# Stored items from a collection
☆ ☆ ☆
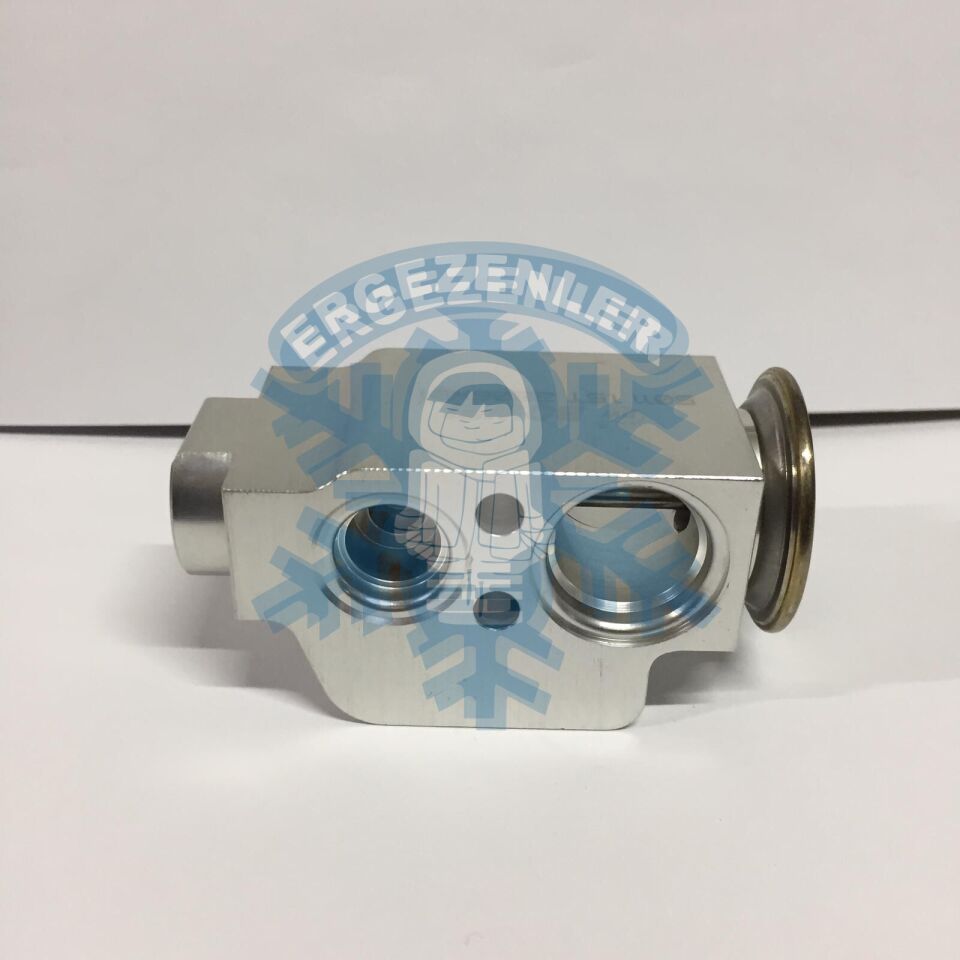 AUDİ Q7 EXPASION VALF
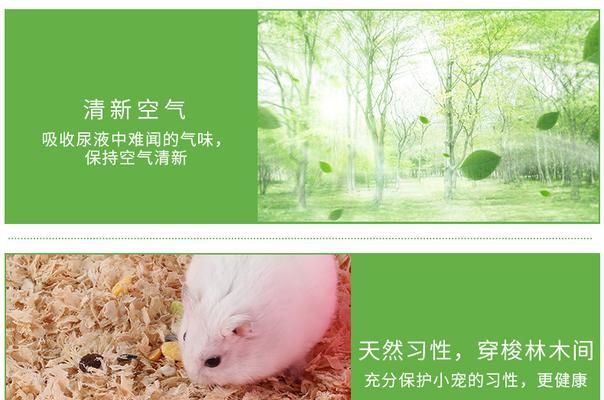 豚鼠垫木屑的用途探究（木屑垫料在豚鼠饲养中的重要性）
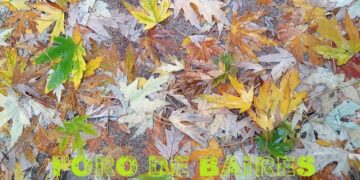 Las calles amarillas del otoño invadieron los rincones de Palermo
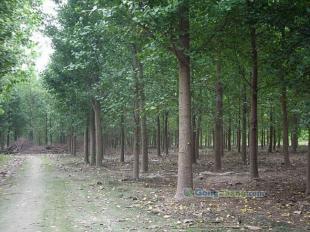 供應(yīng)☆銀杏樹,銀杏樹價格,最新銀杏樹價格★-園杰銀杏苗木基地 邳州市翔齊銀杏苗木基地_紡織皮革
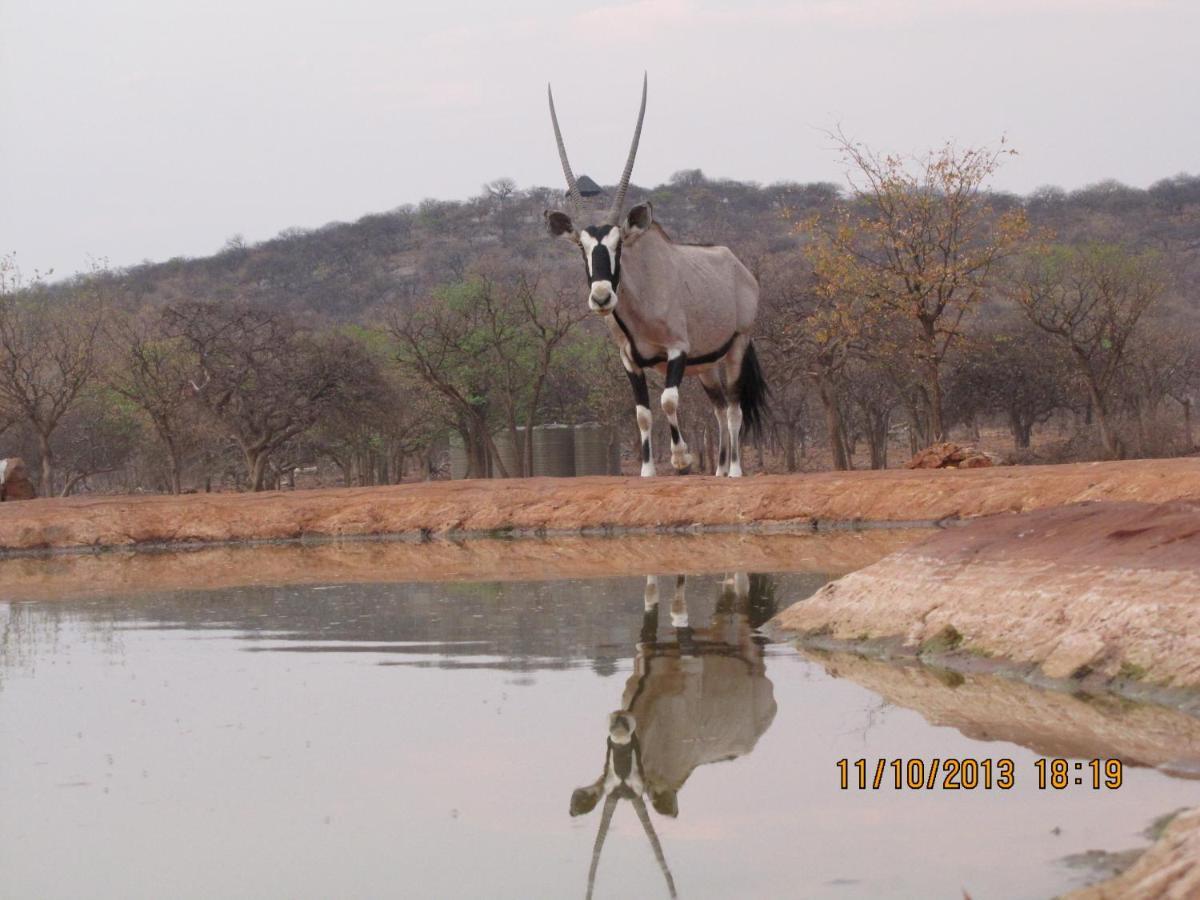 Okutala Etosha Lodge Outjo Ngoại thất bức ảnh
☆ ☆ ☆
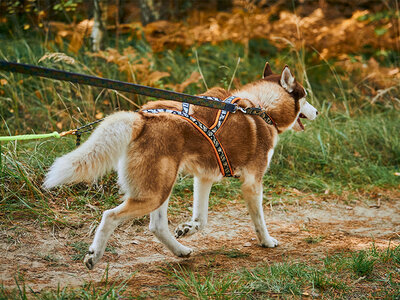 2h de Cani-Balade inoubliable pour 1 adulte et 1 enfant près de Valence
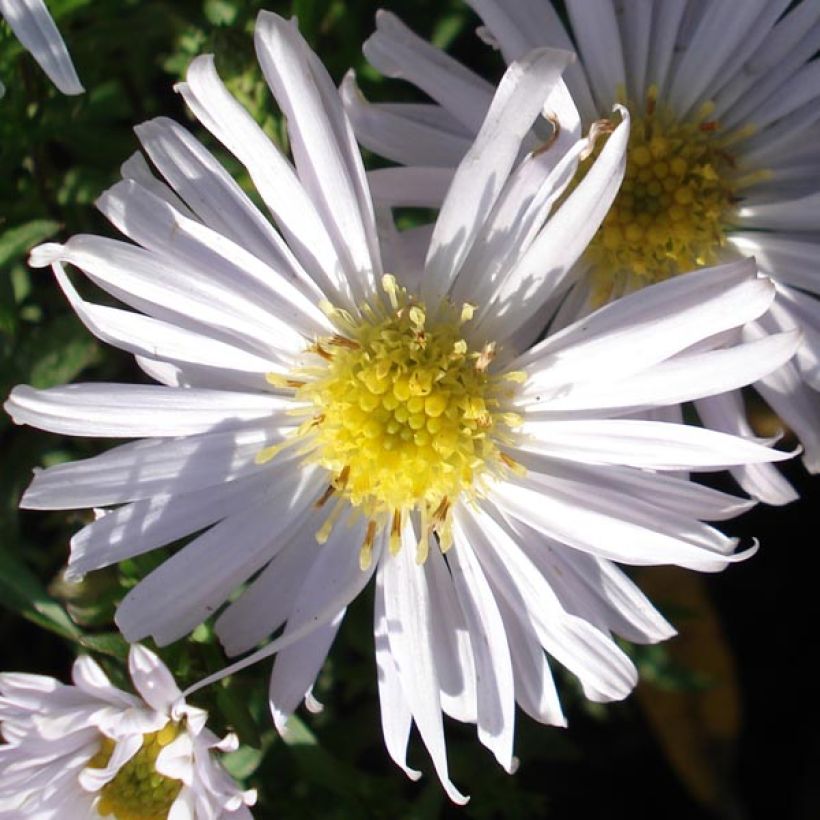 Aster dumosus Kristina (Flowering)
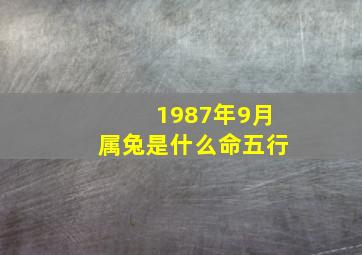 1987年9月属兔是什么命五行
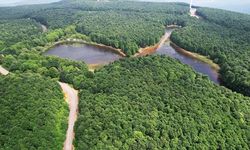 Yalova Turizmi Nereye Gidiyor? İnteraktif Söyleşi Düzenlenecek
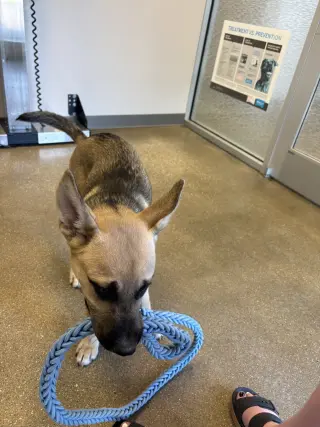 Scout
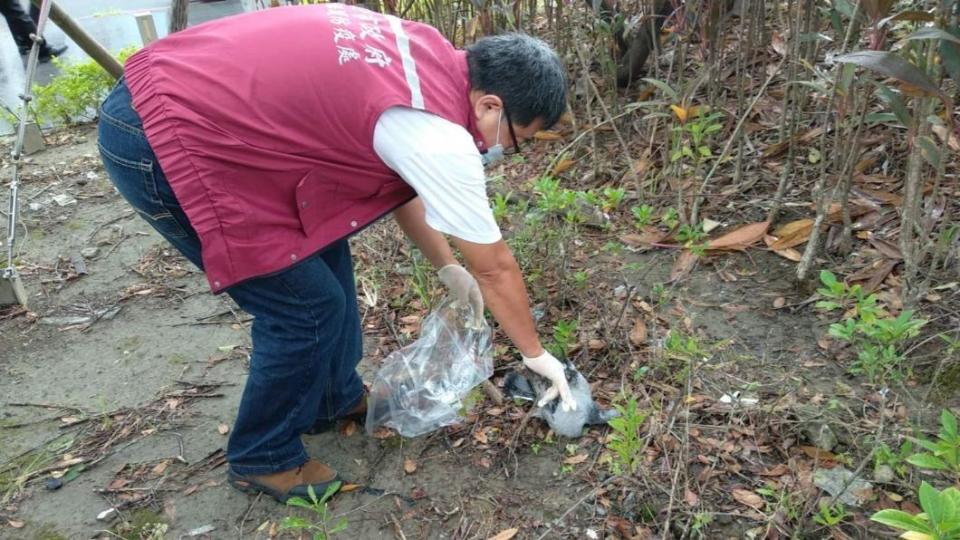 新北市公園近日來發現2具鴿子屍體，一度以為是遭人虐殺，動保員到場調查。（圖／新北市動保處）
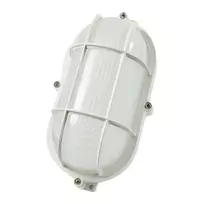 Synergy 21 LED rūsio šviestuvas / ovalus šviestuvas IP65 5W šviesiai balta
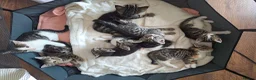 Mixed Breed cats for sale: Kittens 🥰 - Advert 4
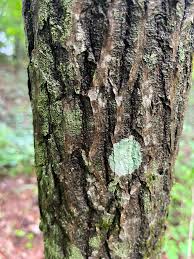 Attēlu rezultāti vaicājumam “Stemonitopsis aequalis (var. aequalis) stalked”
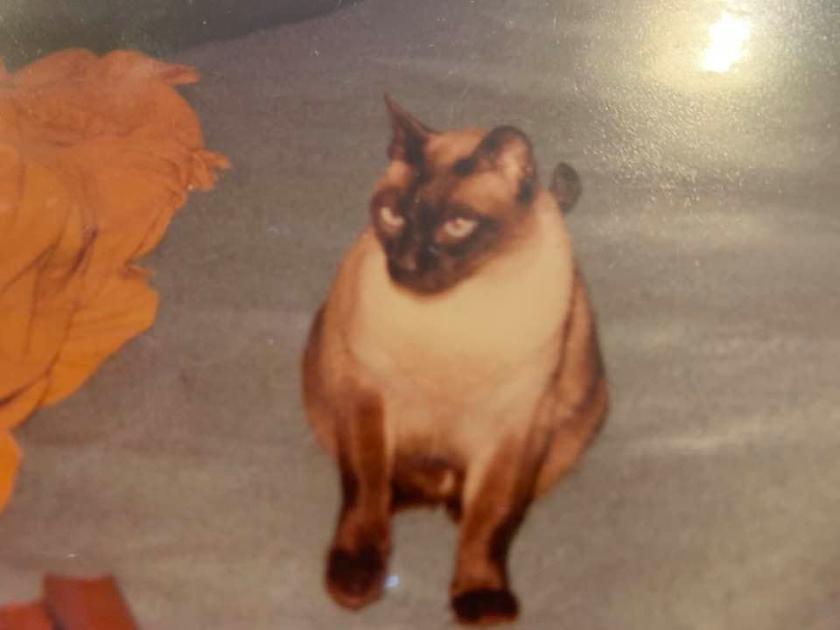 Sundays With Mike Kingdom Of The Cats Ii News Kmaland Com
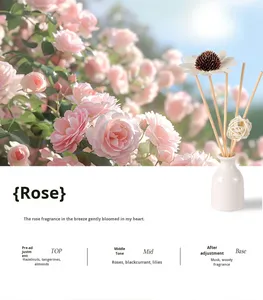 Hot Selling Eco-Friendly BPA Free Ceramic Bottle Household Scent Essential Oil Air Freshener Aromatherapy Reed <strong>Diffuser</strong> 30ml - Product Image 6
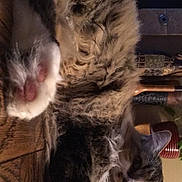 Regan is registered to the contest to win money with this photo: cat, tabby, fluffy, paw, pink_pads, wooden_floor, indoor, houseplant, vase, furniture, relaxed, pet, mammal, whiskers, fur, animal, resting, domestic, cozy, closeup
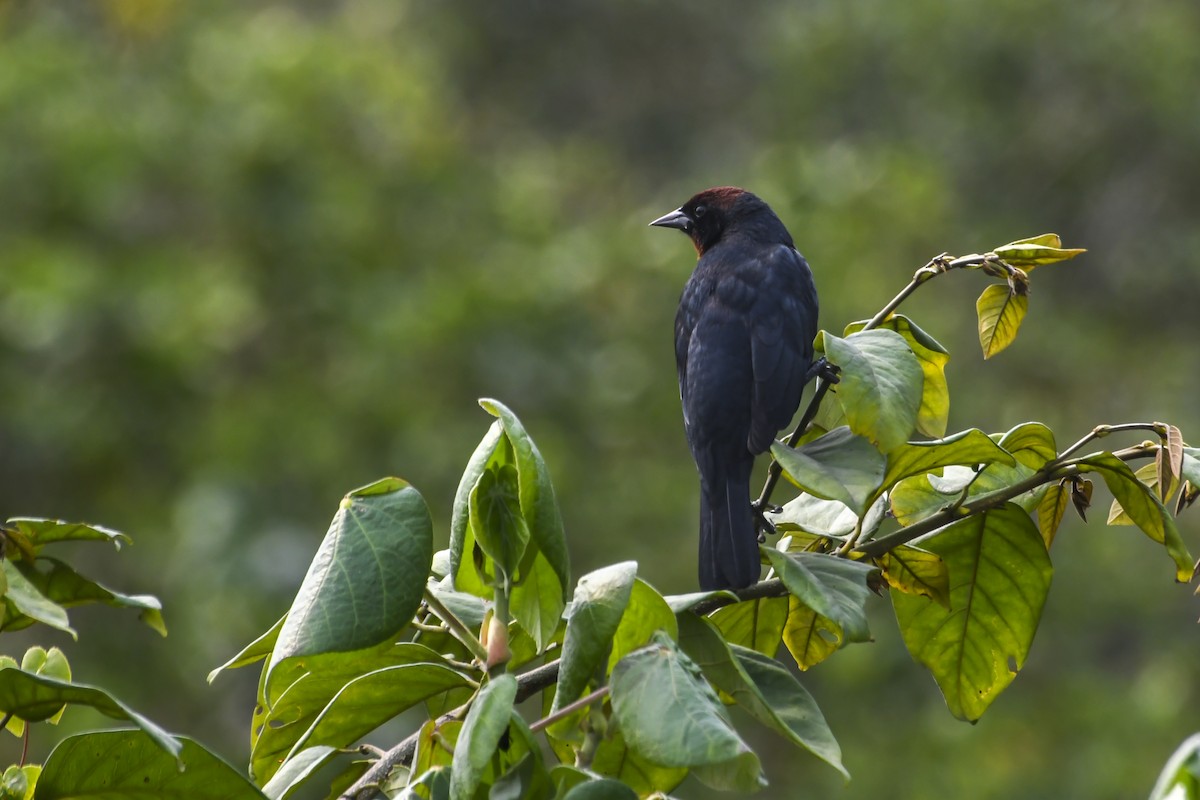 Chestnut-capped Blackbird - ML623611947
☆ ☆ ☆
# Task details
Would you output the lines above from the line holding "Hot Selling Eco-Friendly" up to and including the line holding "Chestnut-capped Blackbird - ML623611947", exactly and only those, with no pictures?

# Task result
 Hot Selling Eco-Friendly BPA Free Ceramic Bottle Household Scent Essential Oil Air Freshener Aromatherapy Reed <strong>Diffuser</strong> 30ml - Product Image 6
 Regan is registered to the contest to win money with this photo: cat, tabby, fluffy, paw, pink_pads, wooden_floor, indoor, houseplant, vase, furniture, relaxed, pet, mammal, whiskers, fur, animal, resting, domestic, cozy, closeup
 Chestnut-capped Blackbird - ML623611947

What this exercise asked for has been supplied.